EXERCISE DESCRIPTION: Wherever pictures appear in the listing below, leave them out, and copy exactly, and only, everything from the line with "有什么推荐的入门级微单？(家用微单相机推荐)" down to the line with "Укажи пример с".

[SOURCE DATA — start]

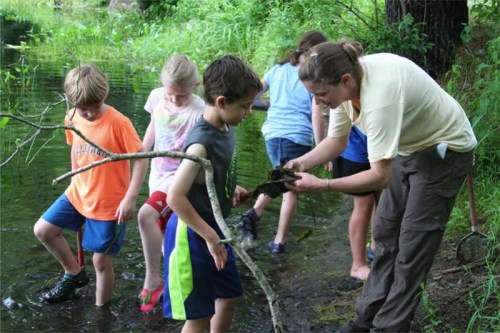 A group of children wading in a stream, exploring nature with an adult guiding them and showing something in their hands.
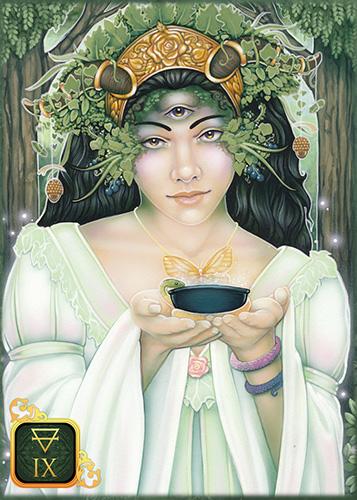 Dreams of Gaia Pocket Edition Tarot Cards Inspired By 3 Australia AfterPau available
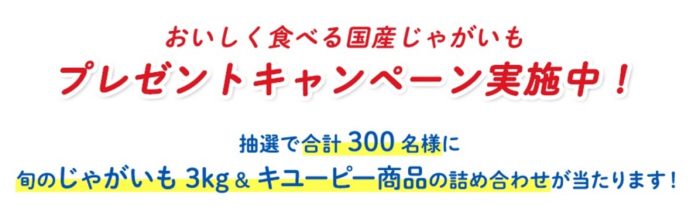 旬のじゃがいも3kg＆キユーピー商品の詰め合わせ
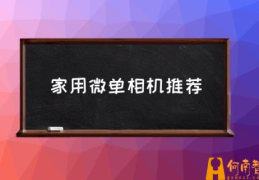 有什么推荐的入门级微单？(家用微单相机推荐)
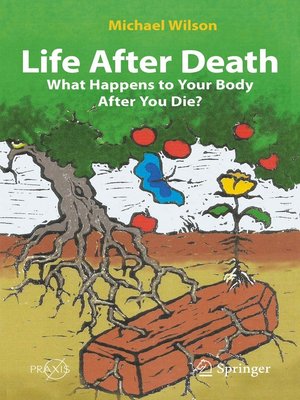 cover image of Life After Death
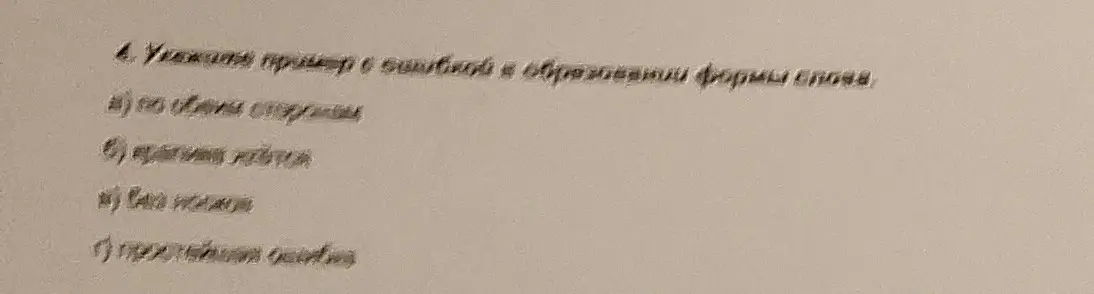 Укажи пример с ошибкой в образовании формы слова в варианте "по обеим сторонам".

[SOURCE DATA — finish]
[SOURCE DATA — start]

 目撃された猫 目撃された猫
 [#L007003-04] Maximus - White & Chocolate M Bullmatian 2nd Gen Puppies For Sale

[SOURCE DATA — finish]
[SOURCE DATA — start]

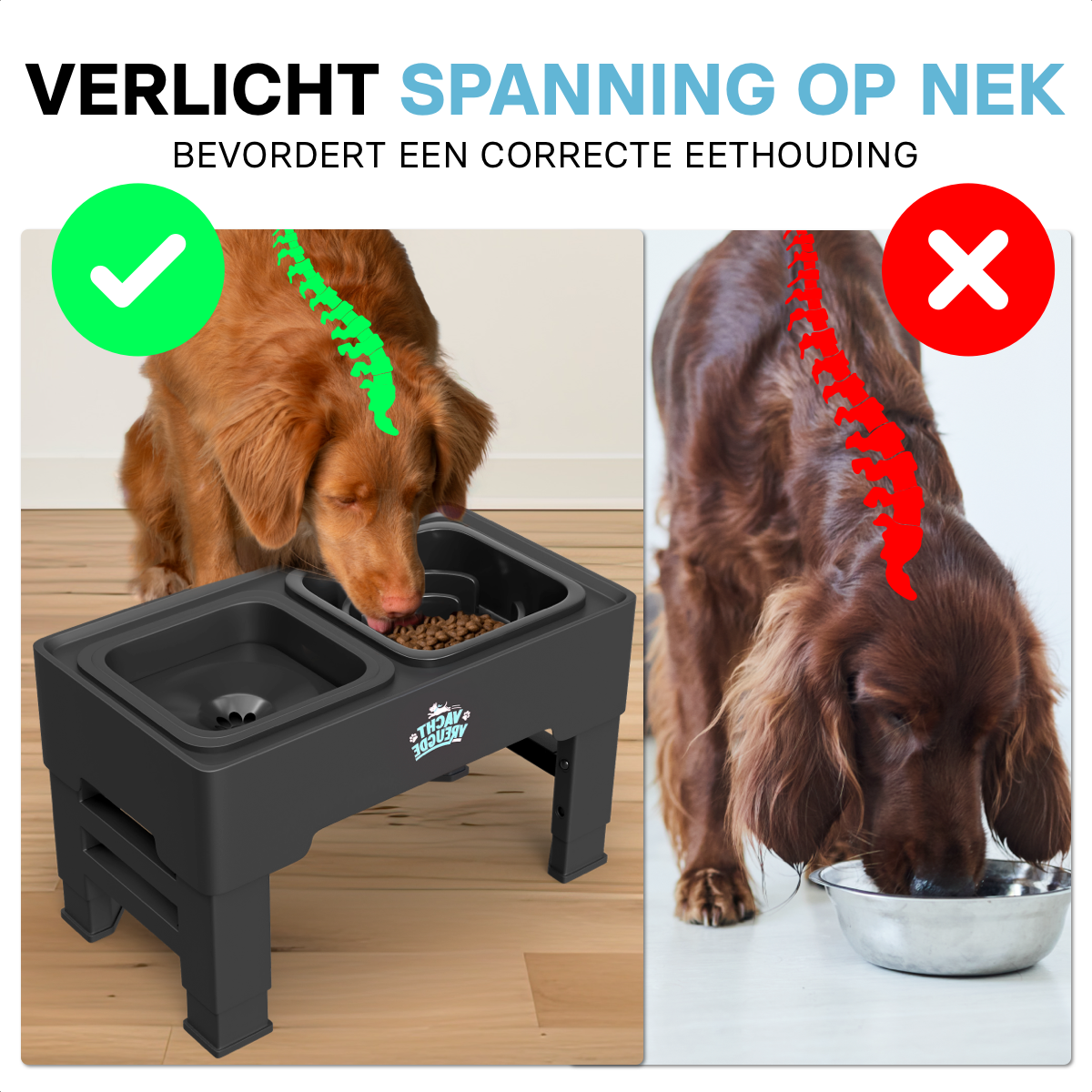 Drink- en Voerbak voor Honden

[SOURCE DATA — finish]

COMPLETED EXERCISE:
 有什么推荐的入门级微单？(家用微单相机推荐)
 cover image of Life After Death
 Укажи пример с ошибкой в образовании формы слова в варианте "по обеим сторонам".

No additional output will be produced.